#### Records drawn from a dataset
◆ ◆ ◆
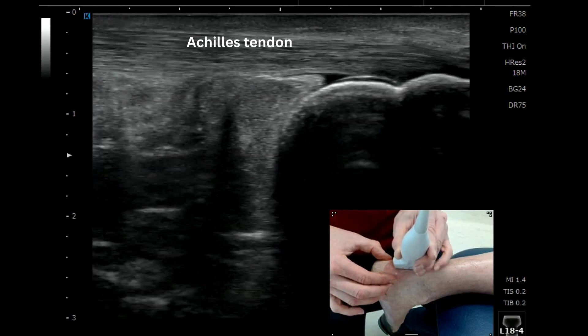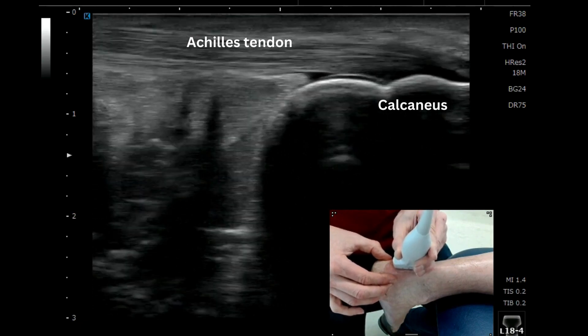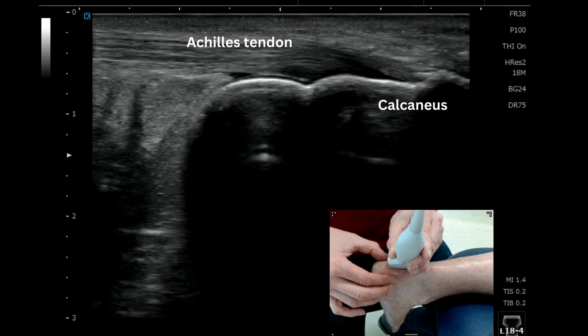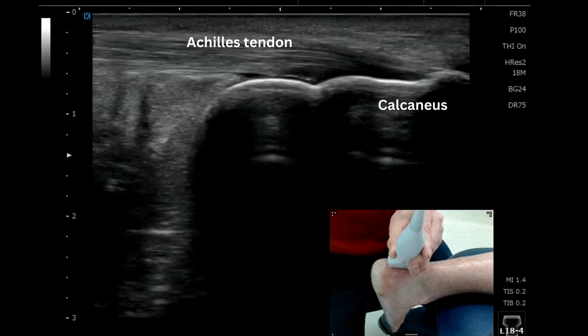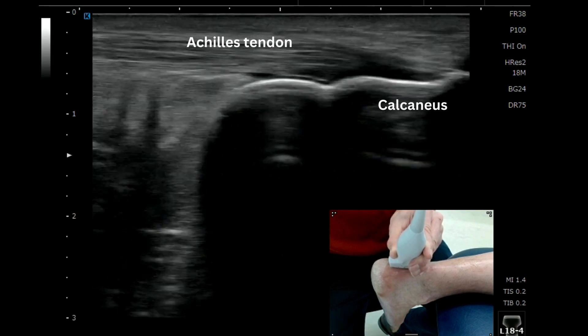You'll start to see that very clear, distinct appearance of the tendon attaching onto the bright white calcaneus.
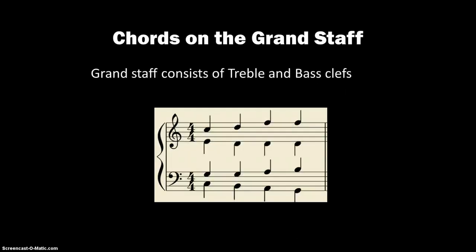This presentation is titled Chords on the Grand Staff. The Grand Staff consists of a treble and a bass clef, and they are connected by a bracket on the left side, showing that these are all part of the same system.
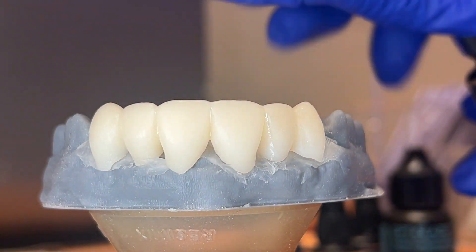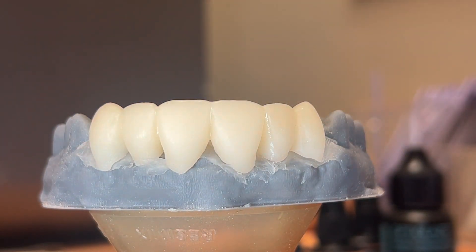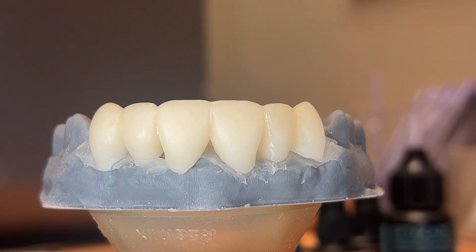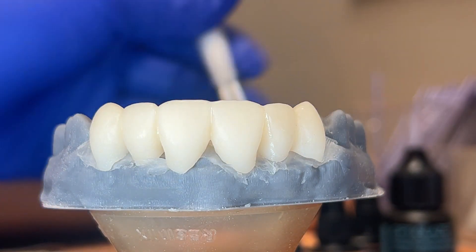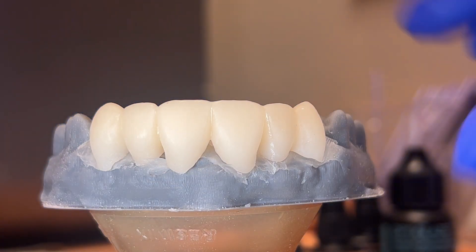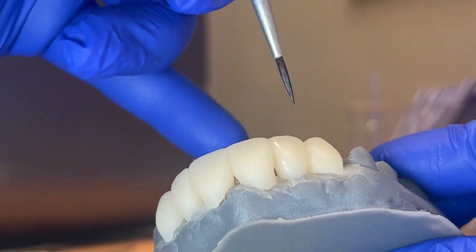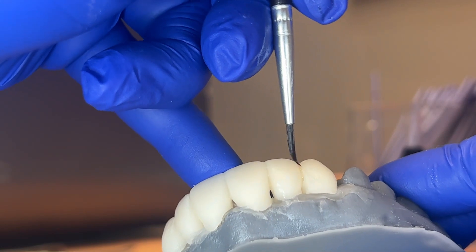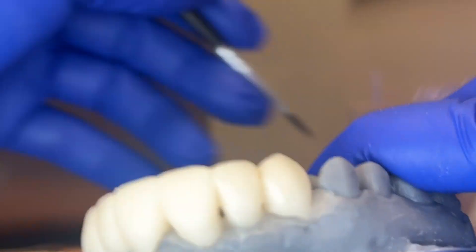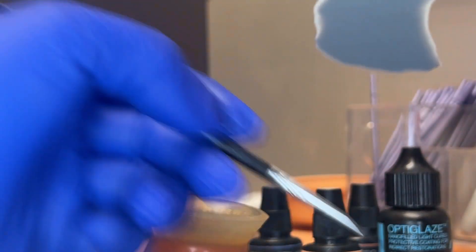First thing I always do is a little bit of olive in the embrasures. When I used to do this it would take me hours because I didn't like how it looked and I'd stop, start again, redo it, or print another one. But once you get the hang of it and you've done it a bunch of times, it probably takes about 15 to 20 minutes.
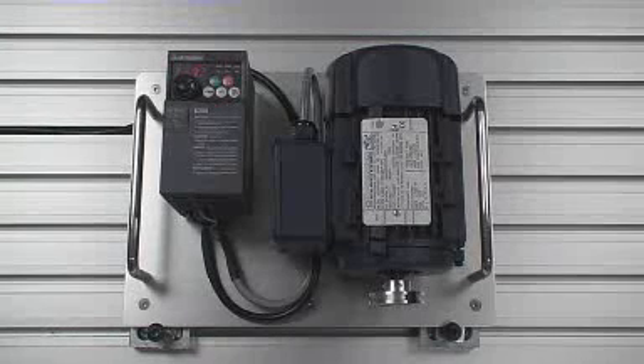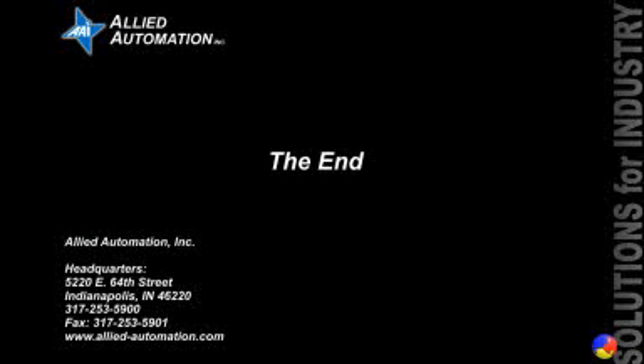Thank you for viewing this video brought to you by Allied Automation. Allied has been providing solutions for industry since 1981.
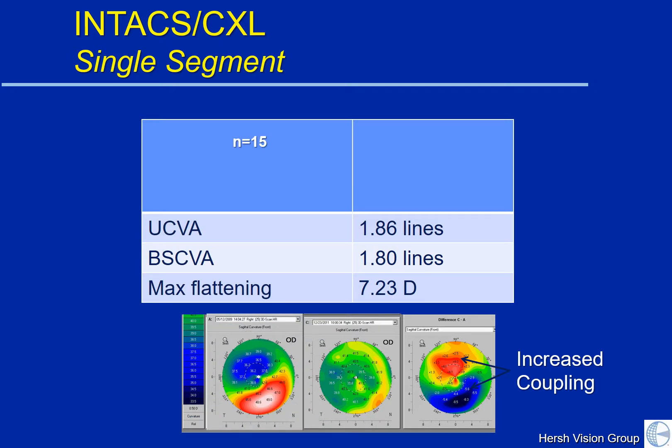We will use single segment or asymmetric segments in keratoconic cones that are not completely centered. The keratoconic cone frequently is down and out — away from your nose — so the right eye would be down and towards the right, and the left eye down and towards the left. Where the cone is asymmetric, I prefer using either a single segment Intact or an asymmetric size Intact, because we find there is a greater improvement in corneal topographic symmetry. You can see here on the left is a patient before treatment, and in the middle after — the keratoconic cone is almost entirely disappeared.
◆ ◆ ◆
#### What is being asked
Return all entries preceding this task exactly as they stand, leaving any picture out.

#### Result for this exercise
You'll start to see that very clear, distinct appearance of the tendon attaching onto the bright white calcaneus.
This presentation is titled Chords on the Grand Staff. The Grand Staff consists of a treble and a bass clef, and they are connected by a bracket on the left side, showing that these are all part of the same system.
First thing I always do is a little bit of olive in the embrasures. When I used to do this it would take me hours because I didn't like how it looked and I'd stop, start again, redo it, or print another one. But once you get the hang of it and you've done it a bunch of times, it probably takes about 15 to 20 minutes.
Thank you for viewing this video brought to you by Allied Automation. Allied has been providing solutions for industry since 1981.
We will use single segment or asymmetric segments in keratoconic cones that are not completely centered. The keratoconic cone frequently is down and out — away from your nose — so the right eye would be down and towards the right, and the left eye down and towards the left. Where the cone is asymmetric, I prefer using either a single segment Intact or an asymmetric size Intact, because we find there is a greater improvement in corneal topographic symmetry. You can see here on the left is a patient before treatment, and in the middle after — the keratoconic cone is almost entirely disappeared.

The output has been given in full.